The exact lines from the start of the material below through the line holding "That's how you" are the answer; return those, pictures excluded.

** Opening RECORDED DATA block **

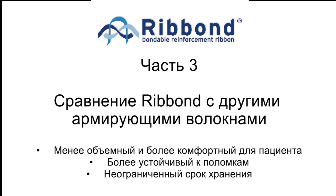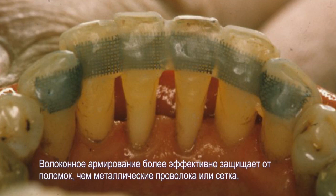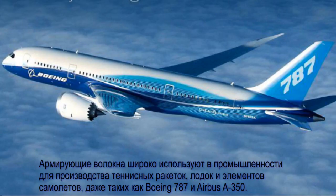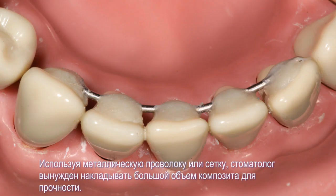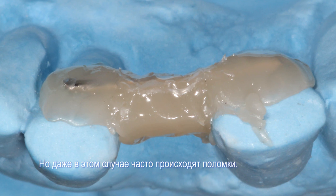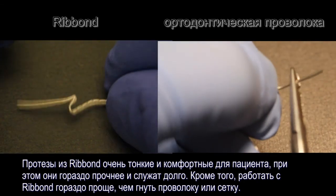How is Ribbon different than using a metal wire or mesh? Fiber reinforcements are far more effective at preventing fracture failures than metal wires or meshes. Fibers are used to reinforce industrial resins to make tennis rackets, boat hulls, and airplane body components such as the Boeing 787 and the Airbus A350. Metal meshes and metal wires are not used for these industrial applications as they are not effective reinforcements. When using metal wire or meshes, the dentist relies on a large bulk of composite resin to provide strength, and the mode of failure is still fracture failure. A Ribbon prosthesis is very thin and comfortable for the patient and much more fracture tough, resulting in much greater clinical longevity. Furthermore, Ribbon is much easier to use than trying to bend a metal mesh or wire.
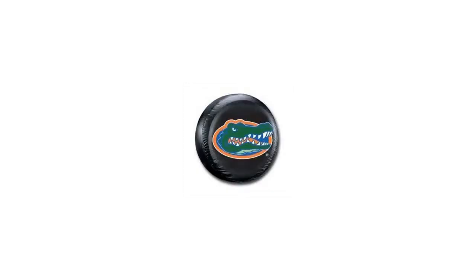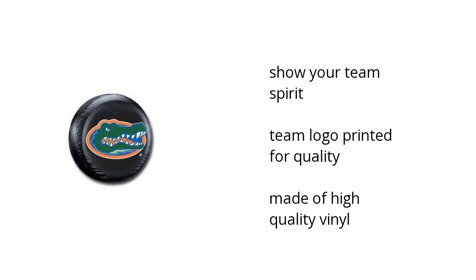Hi, I'm Matt with the BuzzTaller Marketplace. What you need to know about the NCAA Florida Gators tire cover on sale at Sam's Club: you can show your team spirit, the team logo is printed for quality, and it's made of high-quality vinyl.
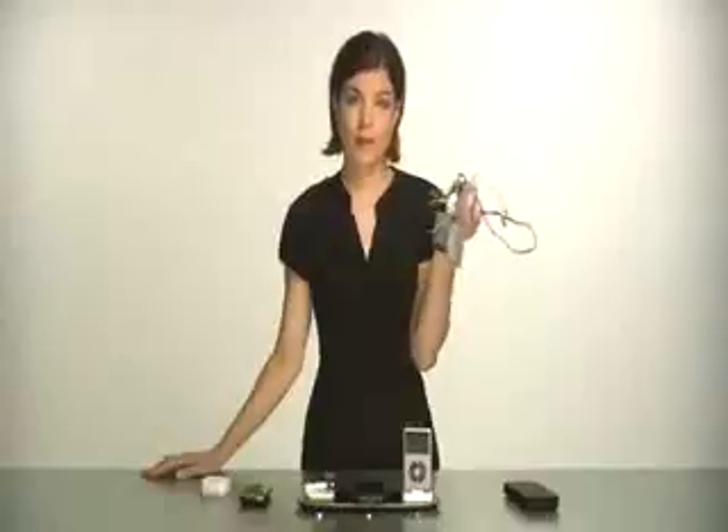That's how you charge stuff without all the cords. With PowerMAT, you lose the cords.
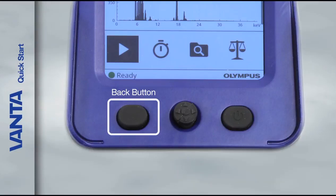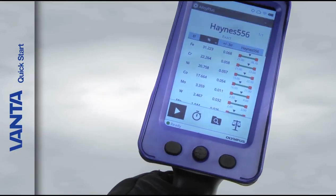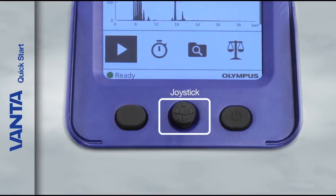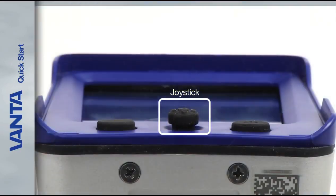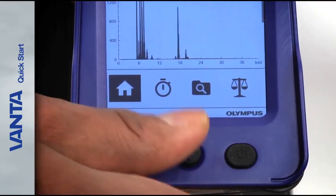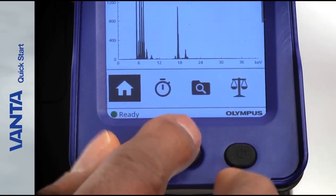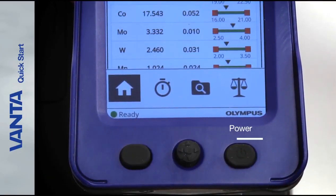The leftmost button is the back button. Press this to return to the previous data field in the UI. The center button is the joystick. The joystick moves in four directions: up, down, left, and right. When pressed, the joystick functions as an enter button. The power button is on the far right.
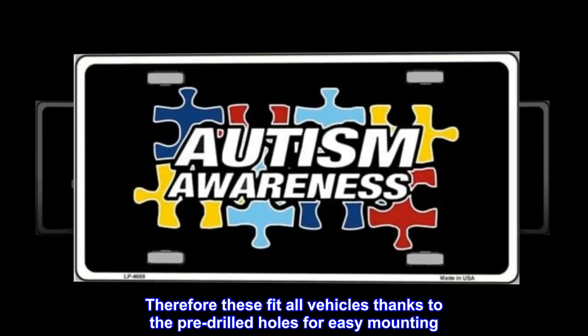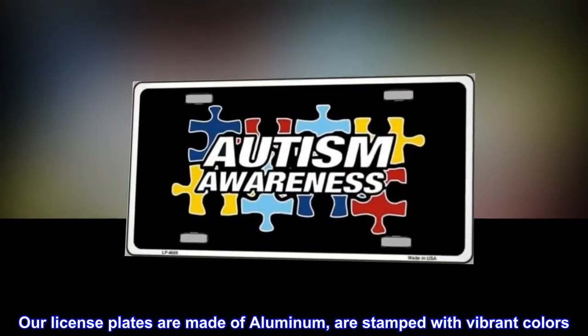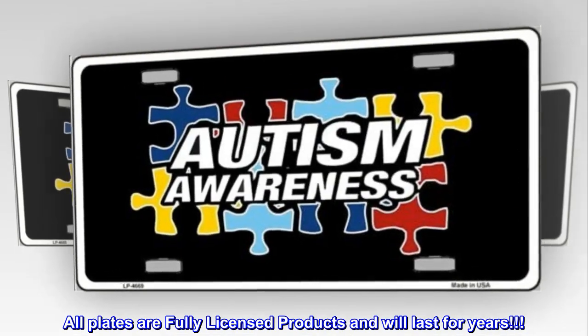These fit all vehicles thanks to the pre-drilled holes for easy mounting. Our license plates are made of aluminum and stamped with vibrant colors. All plates are fully licensed products and will last for years.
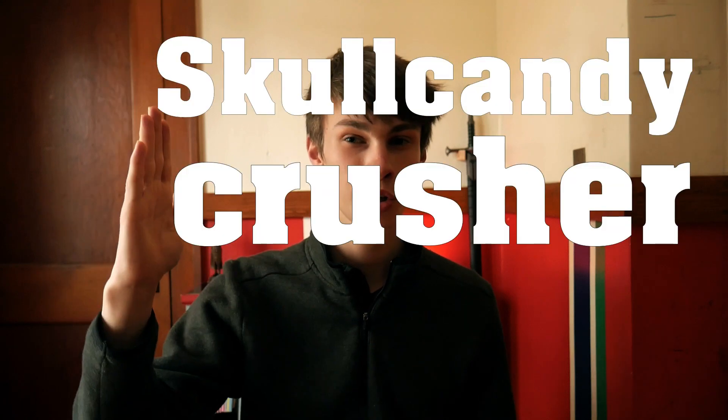What's up guys? Today's video is a little bit different. We're going to be reviewing my favorite pair of headphones — the Skullcandy Crusher Wireless — and they come in at $100.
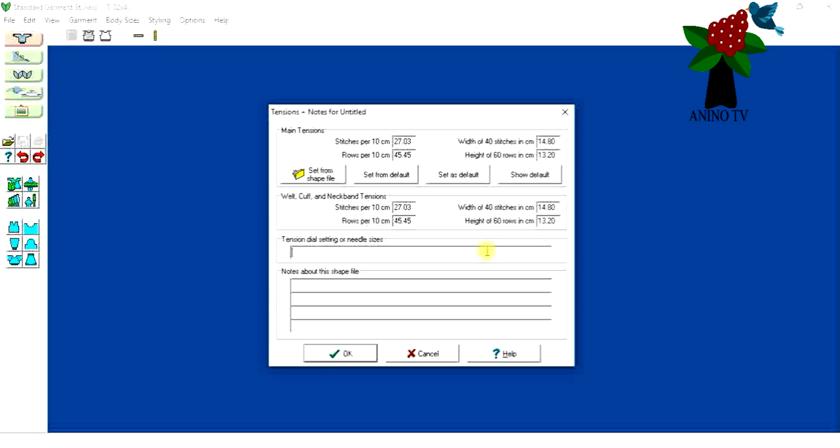Here we can write notes. I love putting in the tension details so that if I open the software next time or work on this pattern again, I know what I used. So I'll put tension 8 and add the name of the knitting machine — SK280. I think that's fine.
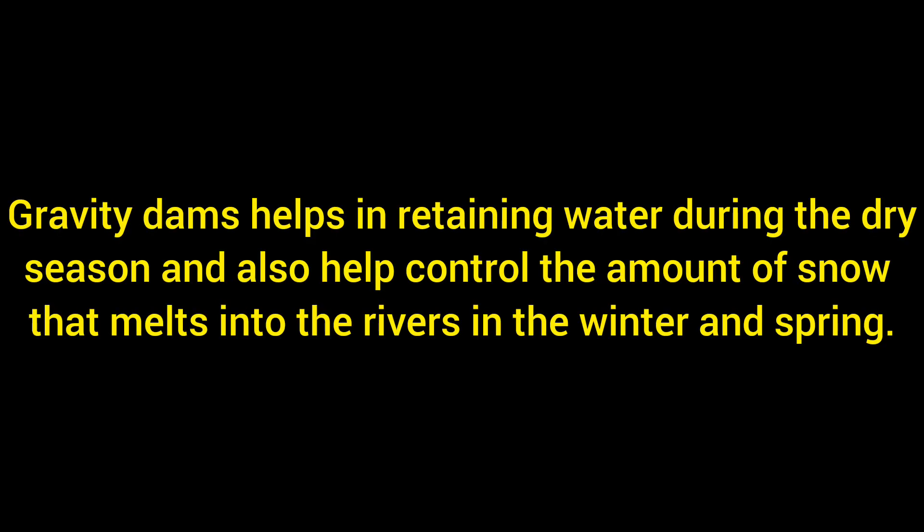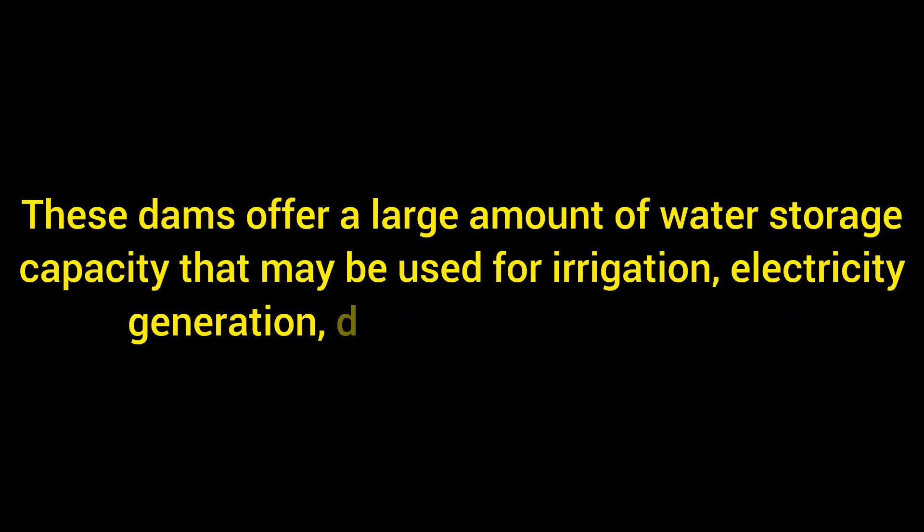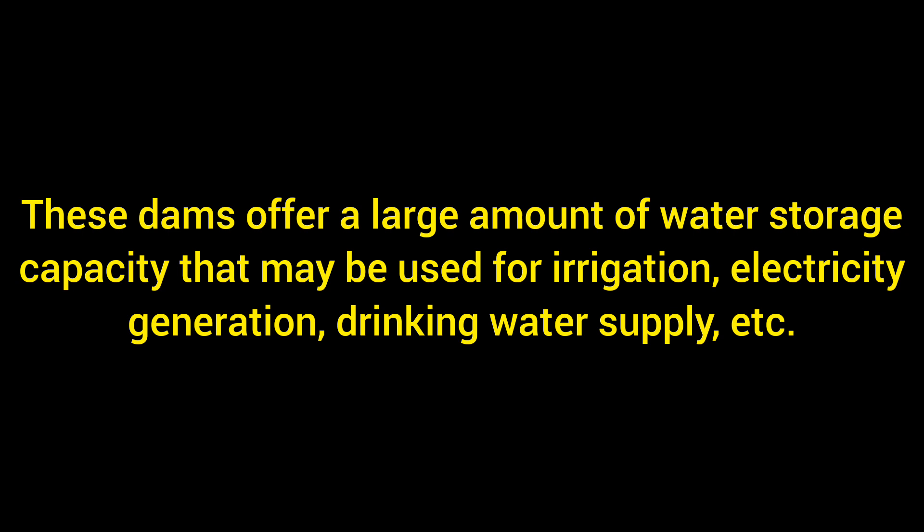The gravity dam helps in retaining water during the dry season and also helps control the amount of snow that melts into the river in the winter and spring seasons. These dams offer a large amount of water storage capacity that may be used for irrigation, electricity generation, and drinking water supply.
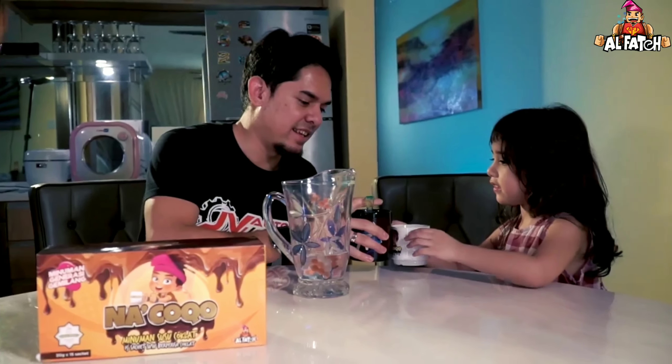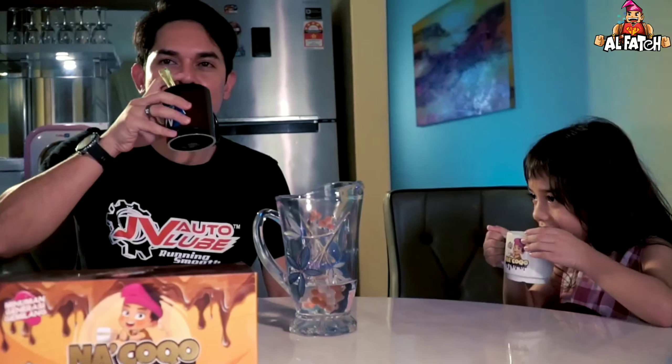Jadi Marissa nak Coco lagi tak? Anda pula macam mana? InsyaAllah, jumpa anda pada video yang akan datang. Dan kali ini adalah review daripada saya dan juga anak saya Marissa. Jom kita minum sama-sama Marissa. Jom kita minum. Orang tua pun suka. Jangan nak kata anak lemon ni, habiskan kita sendiri habiskan. InsyaAllah. Bye bye, kita jumpa lagi pada lain hari, lain waktu. Assalamualaikum warahmatullahi wabarakatuh. Saya Wasrin dan ini Marissa. Kita jumpa lagi untuk di lain-lain hari. Bye bye. Bye bye Marissa.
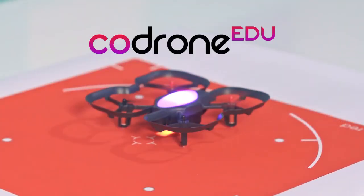We've done four successful Kickstarter campaigns in the past and brought our products to tens of thousands of students around the world. Code Drone EDU is our best drone yet. We need your support to bring Code Drone EDU to as many schools around the world as possible. The Code Drone EDU, a drone made for learning.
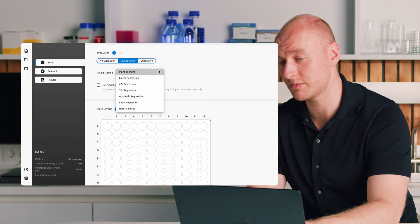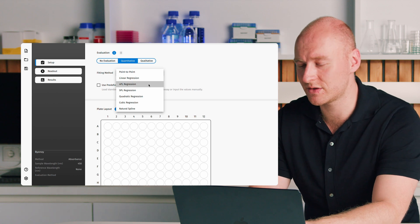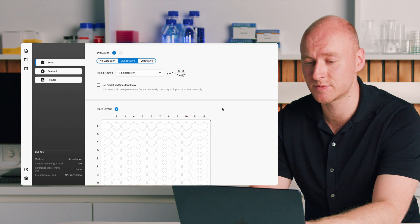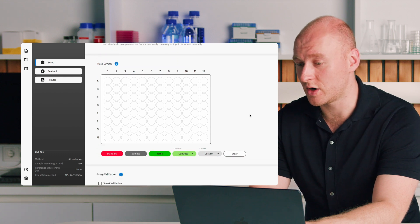We can select a fitting method — we have various fitting methods available, for example a four-parameter analysis. We can then move on to our plate layout. The plate layout in our software is designed very intuitively, working somewhat like a paint program such as Microsoft Paint — whatever you click is what you draw or paint onto the microplate in the software.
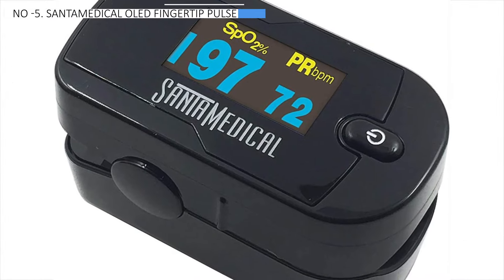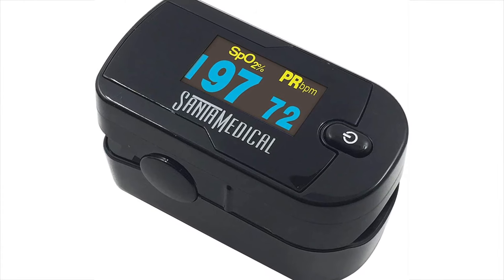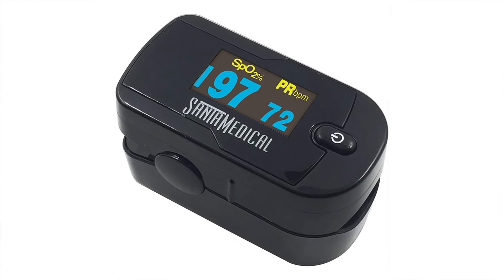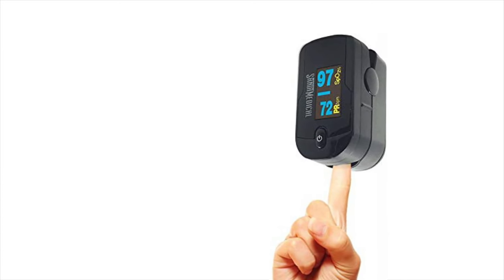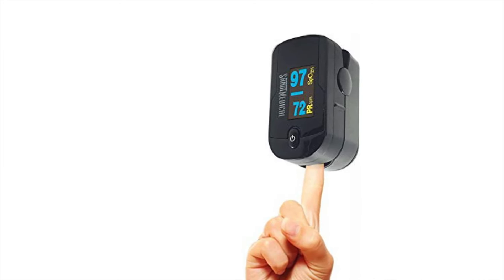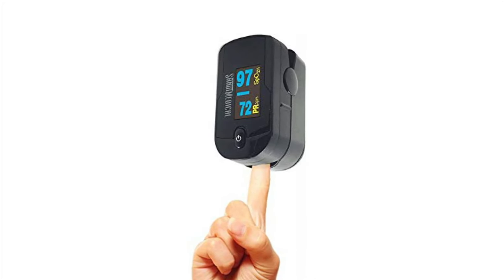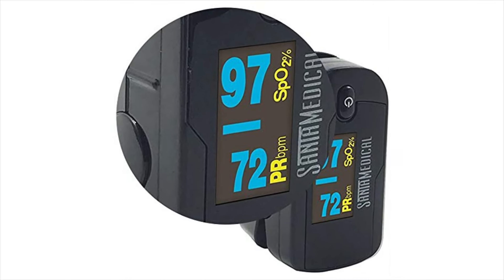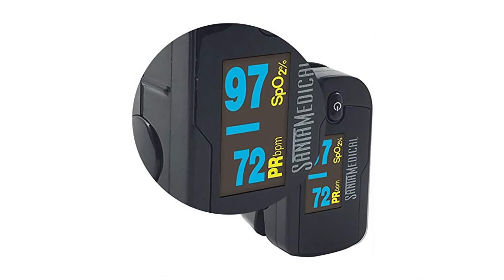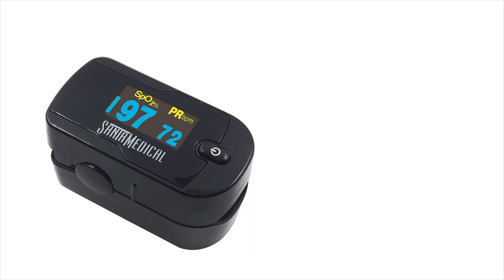At the fifth position, we find the Sante Medical OLED fingertip pulse oximeter, acknowledged as the most cost-effective option. This fingertip pulse oximeter quickly and accurately measures pulse rate and blood oxygen saturation levels. It provides speedy readings displayed on a large digital screen for easy viewing. The oximeter is light, small, and fits a wide range of finger sizes. Its bright display shows real-time pulse rate, pulse rate bar, and oxygen saturation level.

** Closing RECORDED DATA block **

== RESULT FOR THIS EXERCISE ==
How is Ribbon different than using a metal wire or mesh? Fiber reinforcements are far more effective at preventing fracture failures than metal wires or meshes. Fibers are used to reinforce industrial resins to make tennis rackets, boat hulls, and airplane body components such as the Boeing 787 and the Airbus A350. Metal meshes and metal wires are not used for these industrial applications as they are not effective reinforcements. When using metal wire or meshes, the dentist relies on a large bulk of composite resin to provide strength, and the mode of failure is still fracture failure. A Ribbon prosthesis is very thin and comfortable for the patient and much more fracture tough, resulting in much greater clinical longevity. Furthermore, Ribbon is much easier to use than trying to bend a metal mesh or wire.
Hi, I'm Matt with the BuzzTaller Marketplace. What you need to know about the NCAA Florida Gators tire cover on sale at Sam's Club: you can show your team spirit, the team logo is printed for quality, and it's made of high-quality vinyl.
That's how you charge stuff without all the cords. With PowerMAT, you lose the cords.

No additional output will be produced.